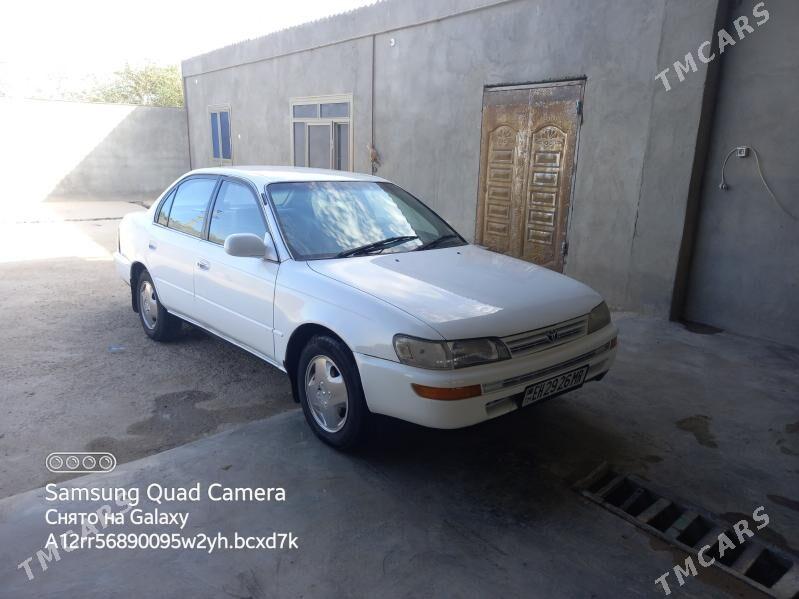 Toyota Corolla 1995 - 55 000 TMT - Мары - img 4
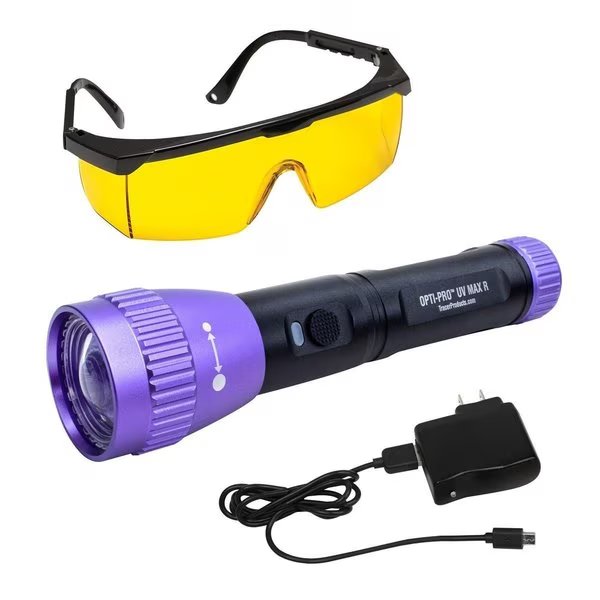 Spectronics Tpopuvmr LED Flashlight for Opti-Pro UV Maxr, Tracer Products, Mfr#: TRATPOPUVMR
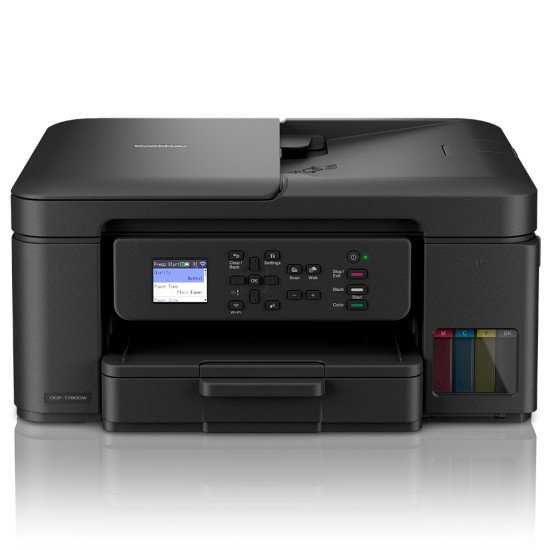 Brother DCP-T780DW Imprimante compacte 3-en-1 à réservoir d'encre Brother DCP-T780DW Imprimante compacte 3-en-1 à réservoir d'encre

Work to be completed:
Write the listing above out again word for word, excluding all images.

Result of this exercise:
 Toyota Corolla 1995 - 55 000 TMT - Мары - img 4
 Spectronics Tpopuvmr LED Flashlight for Opti-Pro UV Maxr, Tracer Products, Mfr#: TRATPOPUVMR
 Brother DCP-T780DW Imprimante compacte 3-en-1 à réservoir d'encre Brother DCP-T780DW Imprimante compacte 3-en-1 à réservoir d'encre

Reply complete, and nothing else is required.